The calculator above splits a position into the four numbers a contractor needs: total prevailing hourly compensation (the absolute floor), the bona-fide benefit offset (the portion of fringe satisfied by benefits), the cash fringe makeup required (the shortfall the contractor must pay in cash), and the cash wage to the employee (WD base plus cash makeup). It also surfaces an annual-sized figure for budgeting and a separate holidays-and-vacation cost estimate. The H&V figure reflects WD-required paid time off, which on standard SCA WDs is at least 11 named holidays plus graduated vacation.
Underpayment exposure is severe. DOL Wage and Hour can recover back wages, the contracting agency can withhold contract payments under FAR 52.222-41(k), and repeated or willful violations trigger debarment under 41 U.S.C. 6706. A false certified payroll under 29 CFR 4.6(g) can become a False Claims Act case with treble damages.
The mechanical sequence the contractor runs on every SCA contract:
For every service employee, identify the WD labor classification that matches the actual work performed. The classification description in the SCA Directory of Occupations is controlling, not the contractor job title. Misclassification is the highest-volume DOL finding.

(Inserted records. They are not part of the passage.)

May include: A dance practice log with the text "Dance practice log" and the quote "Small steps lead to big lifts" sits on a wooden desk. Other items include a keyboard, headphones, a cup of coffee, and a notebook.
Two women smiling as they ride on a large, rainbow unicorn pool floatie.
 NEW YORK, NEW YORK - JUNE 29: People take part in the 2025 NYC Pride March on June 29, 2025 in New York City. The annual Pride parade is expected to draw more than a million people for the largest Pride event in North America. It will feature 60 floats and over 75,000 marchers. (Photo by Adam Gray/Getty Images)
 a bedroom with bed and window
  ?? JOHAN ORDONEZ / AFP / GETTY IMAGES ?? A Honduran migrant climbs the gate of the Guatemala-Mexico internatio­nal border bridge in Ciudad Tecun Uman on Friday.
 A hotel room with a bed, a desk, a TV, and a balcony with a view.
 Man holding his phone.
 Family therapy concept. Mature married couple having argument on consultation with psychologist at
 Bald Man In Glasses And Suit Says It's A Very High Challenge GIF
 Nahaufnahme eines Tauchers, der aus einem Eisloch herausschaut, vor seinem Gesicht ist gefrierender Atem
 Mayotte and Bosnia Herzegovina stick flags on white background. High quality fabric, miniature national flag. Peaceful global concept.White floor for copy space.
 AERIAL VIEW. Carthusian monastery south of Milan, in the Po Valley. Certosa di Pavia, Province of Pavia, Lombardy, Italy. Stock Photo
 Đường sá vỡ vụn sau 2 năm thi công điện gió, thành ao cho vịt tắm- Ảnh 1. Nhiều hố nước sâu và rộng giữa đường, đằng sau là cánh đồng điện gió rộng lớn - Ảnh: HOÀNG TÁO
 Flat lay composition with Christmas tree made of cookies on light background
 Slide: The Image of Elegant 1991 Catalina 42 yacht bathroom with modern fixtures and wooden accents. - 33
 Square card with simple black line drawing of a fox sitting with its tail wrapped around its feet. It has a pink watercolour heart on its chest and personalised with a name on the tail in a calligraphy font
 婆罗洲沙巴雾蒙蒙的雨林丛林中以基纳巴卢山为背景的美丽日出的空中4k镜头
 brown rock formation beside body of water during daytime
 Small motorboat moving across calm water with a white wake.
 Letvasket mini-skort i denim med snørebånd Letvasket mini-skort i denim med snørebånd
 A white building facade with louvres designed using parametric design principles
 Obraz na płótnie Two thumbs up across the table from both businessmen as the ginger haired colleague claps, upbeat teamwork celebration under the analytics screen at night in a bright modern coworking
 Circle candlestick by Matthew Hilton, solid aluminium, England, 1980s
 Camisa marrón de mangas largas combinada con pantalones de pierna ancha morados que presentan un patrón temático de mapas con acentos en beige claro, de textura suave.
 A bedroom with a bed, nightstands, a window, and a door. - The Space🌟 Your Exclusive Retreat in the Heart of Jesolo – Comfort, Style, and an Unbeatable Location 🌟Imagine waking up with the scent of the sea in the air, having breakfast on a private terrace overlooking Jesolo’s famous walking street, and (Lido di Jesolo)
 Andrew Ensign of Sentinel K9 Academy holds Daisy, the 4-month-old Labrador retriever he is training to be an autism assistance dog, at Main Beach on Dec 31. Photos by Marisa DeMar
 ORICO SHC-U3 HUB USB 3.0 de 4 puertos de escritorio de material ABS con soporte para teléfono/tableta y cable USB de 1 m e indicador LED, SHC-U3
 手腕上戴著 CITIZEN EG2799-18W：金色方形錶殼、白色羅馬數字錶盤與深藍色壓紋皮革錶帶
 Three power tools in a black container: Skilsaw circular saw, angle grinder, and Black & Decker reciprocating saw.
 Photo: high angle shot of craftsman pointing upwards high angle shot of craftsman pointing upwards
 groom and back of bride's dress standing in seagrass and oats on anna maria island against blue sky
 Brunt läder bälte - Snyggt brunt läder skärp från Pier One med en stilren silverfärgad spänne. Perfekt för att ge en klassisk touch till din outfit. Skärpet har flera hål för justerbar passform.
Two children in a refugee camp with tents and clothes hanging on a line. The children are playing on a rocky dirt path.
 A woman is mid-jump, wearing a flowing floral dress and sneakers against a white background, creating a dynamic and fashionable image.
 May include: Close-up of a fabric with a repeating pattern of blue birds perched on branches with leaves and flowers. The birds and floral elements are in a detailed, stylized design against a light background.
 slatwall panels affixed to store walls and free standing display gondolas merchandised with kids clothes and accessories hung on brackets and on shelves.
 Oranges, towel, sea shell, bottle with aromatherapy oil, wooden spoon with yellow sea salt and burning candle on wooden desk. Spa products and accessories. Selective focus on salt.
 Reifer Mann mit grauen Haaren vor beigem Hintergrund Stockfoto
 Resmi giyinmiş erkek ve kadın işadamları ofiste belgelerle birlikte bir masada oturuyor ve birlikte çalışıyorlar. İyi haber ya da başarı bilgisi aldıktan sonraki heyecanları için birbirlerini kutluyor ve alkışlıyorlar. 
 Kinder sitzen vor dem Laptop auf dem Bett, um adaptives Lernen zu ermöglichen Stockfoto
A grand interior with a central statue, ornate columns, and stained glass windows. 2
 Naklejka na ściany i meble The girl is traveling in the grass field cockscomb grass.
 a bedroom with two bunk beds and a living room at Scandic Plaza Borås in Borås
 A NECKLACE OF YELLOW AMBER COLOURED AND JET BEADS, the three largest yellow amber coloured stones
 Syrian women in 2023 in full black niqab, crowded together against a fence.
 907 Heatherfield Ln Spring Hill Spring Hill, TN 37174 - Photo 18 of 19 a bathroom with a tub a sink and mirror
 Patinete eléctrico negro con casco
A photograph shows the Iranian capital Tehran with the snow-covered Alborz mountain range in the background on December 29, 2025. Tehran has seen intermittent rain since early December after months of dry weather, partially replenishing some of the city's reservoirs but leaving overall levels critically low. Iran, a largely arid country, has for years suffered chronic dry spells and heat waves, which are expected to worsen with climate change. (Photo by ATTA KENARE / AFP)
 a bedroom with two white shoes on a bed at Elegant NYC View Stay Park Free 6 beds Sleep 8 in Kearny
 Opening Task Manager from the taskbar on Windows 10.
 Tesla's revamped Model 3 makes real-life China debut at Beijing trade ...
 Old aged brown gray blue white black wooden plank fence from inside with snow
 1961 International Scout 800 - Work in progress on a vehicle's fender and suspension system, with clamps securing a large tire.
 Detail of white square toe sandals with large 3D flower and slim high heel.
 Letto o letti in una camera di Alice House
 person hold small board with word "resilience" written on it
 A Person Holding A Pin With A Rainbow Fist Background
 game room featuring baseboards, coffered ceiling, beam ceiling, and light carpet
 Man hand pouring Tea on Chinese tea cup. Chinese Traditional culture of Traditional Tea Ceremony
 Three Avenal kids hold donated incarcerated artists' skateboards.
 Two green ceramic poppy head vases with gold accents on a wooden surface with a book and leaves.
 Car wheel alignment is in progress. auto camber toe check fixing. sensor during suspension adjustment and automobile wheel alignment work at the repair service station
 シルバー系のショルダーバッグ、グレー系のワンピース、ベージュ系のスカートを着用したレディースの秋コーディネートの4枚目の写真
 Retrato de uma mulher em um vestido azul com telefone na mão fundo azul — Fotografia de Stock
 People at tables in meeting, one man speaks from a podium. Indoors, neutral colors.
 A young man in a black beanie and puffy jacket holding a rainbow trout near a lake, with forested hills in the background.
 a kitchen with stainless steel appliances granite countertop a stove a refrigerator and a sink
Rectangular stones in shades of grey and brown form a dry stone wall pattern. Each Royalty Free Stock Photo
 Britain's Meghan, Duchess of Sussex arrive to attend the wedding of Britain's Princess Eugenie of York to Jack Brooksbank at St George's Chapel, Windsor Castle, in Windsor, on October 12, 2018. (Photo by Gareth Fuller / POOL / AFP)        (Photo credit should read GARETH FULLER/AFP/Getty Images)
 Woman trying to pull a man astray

If a position does not match any WD classification, run a conformance request under 29 CFR 4.6(b)(2). The contracting officer forwards the proposal to DOL. Pay the proposed rate from the date of the request; adjust if DOL approves a different rate.
Compute the hourly value of bona-fide fringe benefits per 29 CFR 4.171. Insurance premiums divided by annualized hours. Retirement contributions on the same per-hour basis. Document the calculation; it is the first thing DOL audits.
If benefits do not satisfy the full WD fringe, pay the shortfall in cash on every hour worked, on the same payroll cycle as the base wage. Cash fringe is taxable. Bona-fide fringe usually is not.